Both cars Look the Dogs Danglers. :thumbsup:


----------



## shed100 (Apr 1, 2009)

the silvia car makes my shit itch, very nice


----------



## Boydie.NI (Aug 24, 2008)

Nice, very nice :thumbsup:
What boost level was the 436hp made at ?


----------



## R33GTRKid (Mar 30, 2009)

Mike you forgot the intercooler hardpipe kit on your specs haha

16.2 psi for the 436 rearwheel horsepower at 7,300 rpm to 7,500 rpm, tuned for response, full boost of 18.3 psi at 3,300 rpm then tapered down to 16.2 psi to keep power levels safe for stock bottom end.

I miss my baby and it has only been 3 days 

Oh well, Mike, photos look mint mate, I so know you will treat her like she deserves so I am happy.....

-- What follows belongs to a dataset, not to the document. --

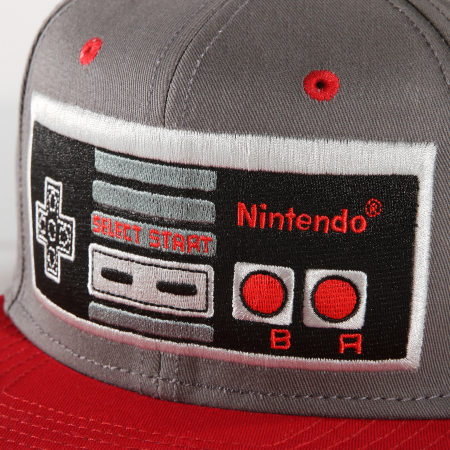 Nintendo - Casquette Snapback Controller Gris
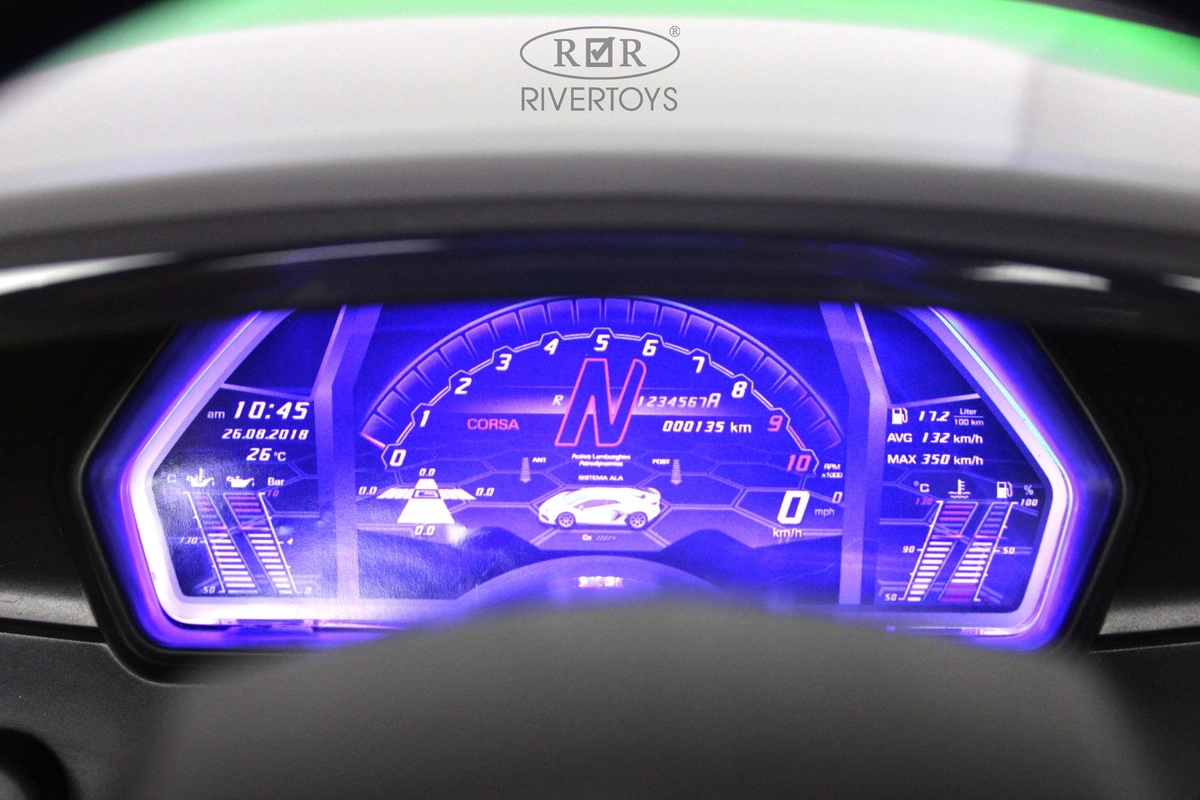 Детский электромобиль RiverToys Lamborghini Aventador SVJ A333MP зеленый zskk8uyf5c50es057e2eerhhmshjn6vw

me thinking in 12 months once I have subdivided, bought the new house and sorted the new addition to the family I can get into another GTR, just need to get out of this damn novated lease on the 350Z haha


----------



## Dynamix (Nov 1, 2007)

R33GTRKid said:


> Mike you forgot the intercooler hardpipe kit on your specs haha
> 
> 16.2 psi for the 436 rearwheel horsepower at 7,300 rpm to 7,500 rpm, tuned for response, full boost of 18.3 psi at 3,300 rpm then tapered down to 16.2 psi to keep power levels safe for stock bottom end.
> 
> ...


Gotta love salary sacrafice


----------



## DazGTR (Dec 5, 2007)

stunning GTR mate:thumbsup:


----------



## aeron (May 6, 2007)

series 3 gtr? i thought that was s2...


----------



## sandon32 (Jul 22, 2007)

loving both cars! The R33 is almost identical spec to my R32


----------



## skyline_bnr2002 (Jun 10, 2006)

Nice Cars :thumbsup::thumbsup:


----------



## manna_34 (Aug 28, 2008)

*Interior*

Interior


----------



## Lars-GT-R33 (Mar 8, 2008)

Great looking car mate! Love the dark windows 



Streetgasm maus said:


> Serious Horny looking car u got there
> 
> 
> the s15 is lovely as well


I don't think it's gonna take a long time before Maus gets himself a R33/34 GTR


----------



## DazGTR (Dec 5, 2007)

manna_34 said:


> Interior


nice.........:thumbsup:
Damn i need another GTR


----------



## DazGTR (Dec 5, 2007)

R your rims workmeister S1 ? wot size r they and wot offset as they look stunning on your car mate:thumbsup:


----------



## manna_34 (Aug 28, 2008)

*Engine Pic*


----------



## G4VSA (Oct 24, 2006)

Thats a really nice looking 33 mate. Liking the S15 too, damn sexy :thumbsup:
What ia the car in the garage?it looks like a civic coupe?


----------



## Huy (Jun 5, 2008)

This car was behind me a few months ago - turning onto Collier Rd off Tonkin Hwy. 

Looks mint.


----------



## manna_34 (Aug 28, 2008)

G4VSA said:


> Thats a really nice looking 33 mate. Liking the S15 too, damn sexy :thumbsup:
> What ia the car in the garage?it looks like a civic coupe?


thanks mate.
the other car in the garage is just a riced honda accord.
my first car.


----------



## manna_34 (Aug 28, 2008)

update just some pics i took fews months ago thought id chuck up.


----------



## Piggaz (Sep 5, 2002)

Awsome R33! 
The Series 3's lok so much better then the earlier model's!!!
Need to get a Nismo dak and centre gauges in there to really set it off!!!!


----------



## Mikeydinho (Jan 30, 2009)

Awesome cars :thumbsup:


----------



## Huy (Jun 5, 2008)

Looks badass. Where did you take the pictures?


----------



## manna_34 (Aug 28, 2008)

Huy said:


> Looks badass. Where did you take the pictures?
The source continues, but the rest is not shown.